Obligations de diligence des compagnies d’assurance

Section 3

Obligations de diligence et mesures particulières

Art. 19

Obligation de communiquer et droit de communiquer


1 En cas de soupçons fondés, la compagnie d’assurance assume une obligation de communiquer selon art. 9 LBA. Si la compagnie d’assurance n’a pas de soupçon fondé selon art. 9 LBA, mais a fait des constatations selon lesquelles des valeurs patrimoniales pourraient provenir d’un crime ou pourraient servir au financement du terrorisme, elle peut en informer, se fondant pour cela sur l’art. 305ter CP, le Bureau de communication en matière de blanchiment d’argent. De telles constatations existent notamment lorsque le cocontractant refuse sans raison plausible de donner des renseignements et documents usuels concernant la relation d’affaires et l’exécution des obligations de diligence.

Si la compagnie d’assurance informe le Bureau de communication en matière de blanchiment d’argent conformément à l’art. 9 de la LBA, la relation d’affaires ne peut plus être rompue.

2 Les communications prévues par l’art. 9 LBA et 305ter, al. 2 CP s’effectuent par écrit, que ce soit par fax ou par courrier postal A sur le formulaire remis par le Bureau de communication en matière de blanchiment d’argent (Bureau de communication) (www.fedpol.admin.ch).

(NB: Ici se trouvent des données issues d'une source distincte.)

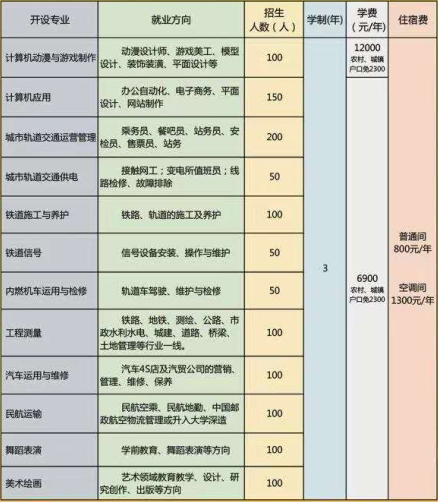石家莊通用交通學校老師教的好不好？ 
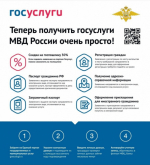 Преимущество получение государственных услуг в электроном виде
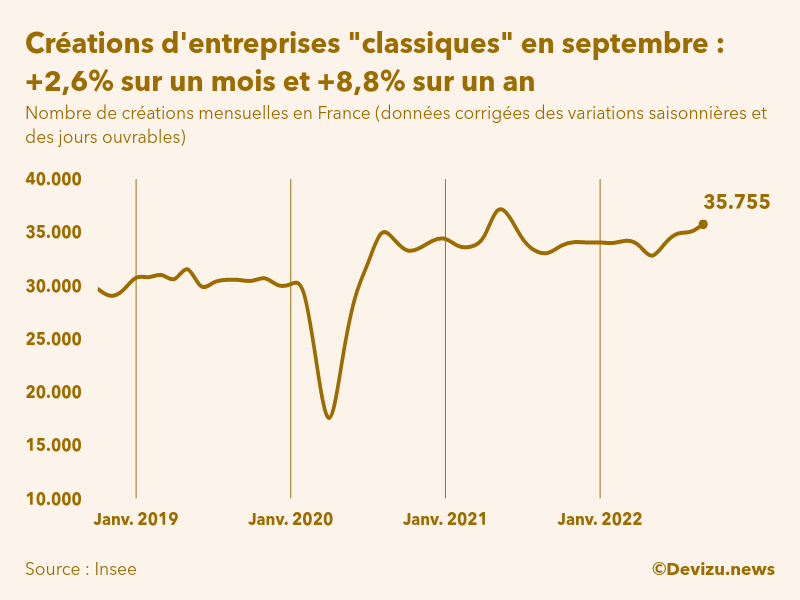 Evolution du nombre de créations mensuelles d'entreprises classiques hors micro-entreprises en France à fin septembre 2022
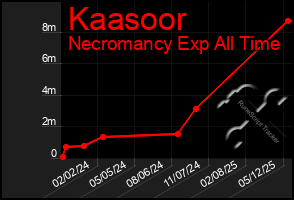 Total Graph of Kaasoor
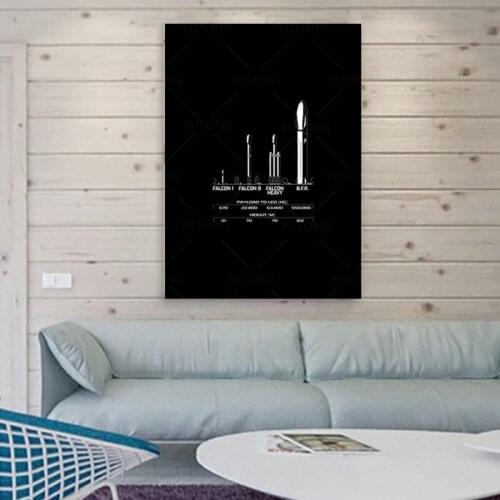 Big F ing Rocket BFR SpaceX Elon Musk Posters and Prints New Hot Art Poster Canvas Painting Home Office Hotel Apartment Decor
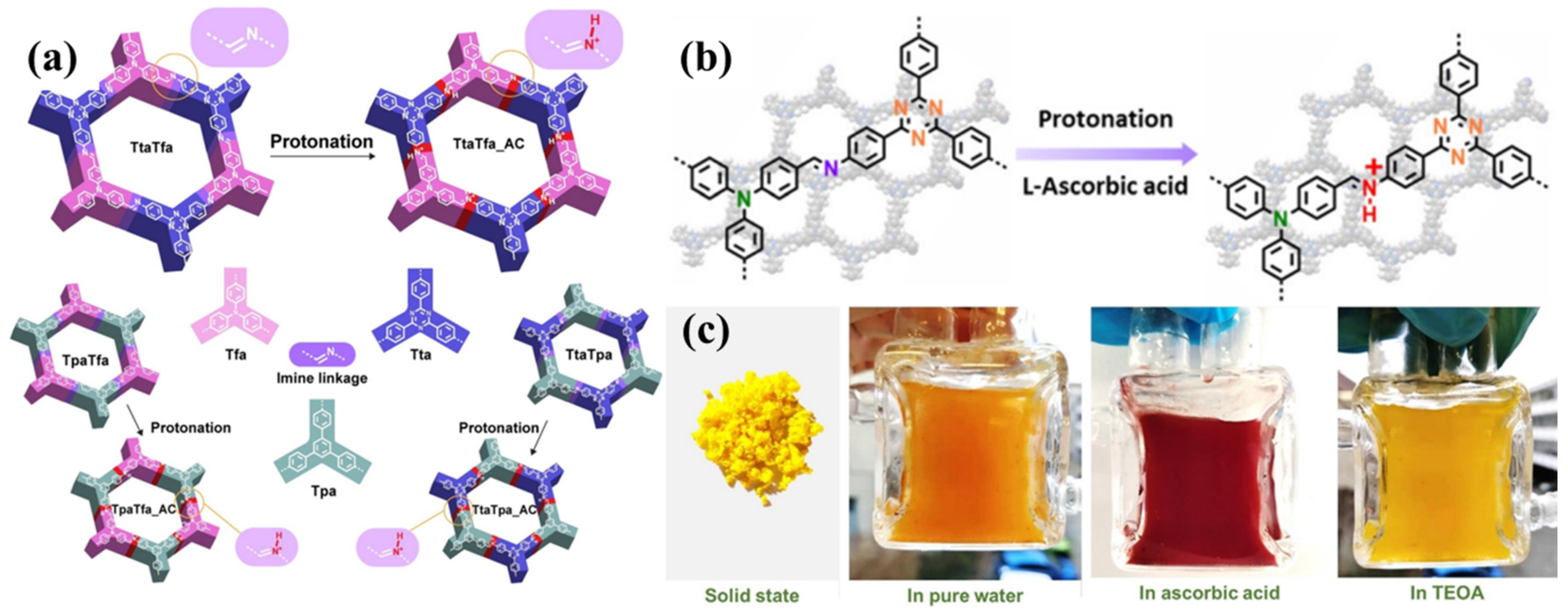 Processes 11 00347 g002 Processes 11 00347 g002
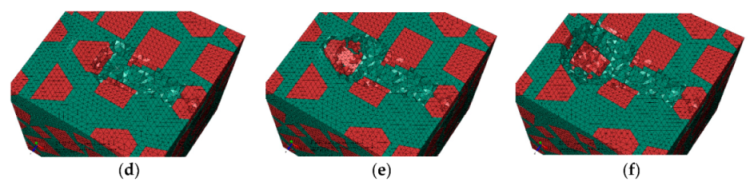 Materials 13 00796 g019b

3 L’intermédiaire financier informe la FINMA des communications faites au Bureau de communication qui concernent des relations d’affaires présentant d’importantes valeurs patrimoniales ou s’il faut supposer que le cas ayant donné lieu à l’annonce pourrait avoir des incidences sur la réputation de l’intermédiaire financier ou de la place financière.

Remarques préliminaires

S’il y a des indices de blanchiment d’argent ou de financement du terrorisme, la compagnie d’assurance se trouve confronté à un conflit d’intérêts. Il risque d’une part de tromper la confiance du client si le soupçon s’avère infondé ou si, dans le contexte des clarifications effectuées sur la base de la communication, des informations parviennent à des personnes non autorisées. Il court d’autre part le risque d’une responsabilité de droit civil engagée du fait d’un retard dans l’exécution d’opérations dans la relation d’affaires. De l’autre côté, il existe un intérêt public à ce qu’on lutte contre le blanchiment d’argent et qu’on évite le risque de culpabilité des collaborateurs (peine privative de liberté jusqu’à une année ou peine pécuniaire) et de l’assureur (amende dont le montant est déterminé en fonction de la gravité de l’infraction et de la capacité économique de l’entreprise).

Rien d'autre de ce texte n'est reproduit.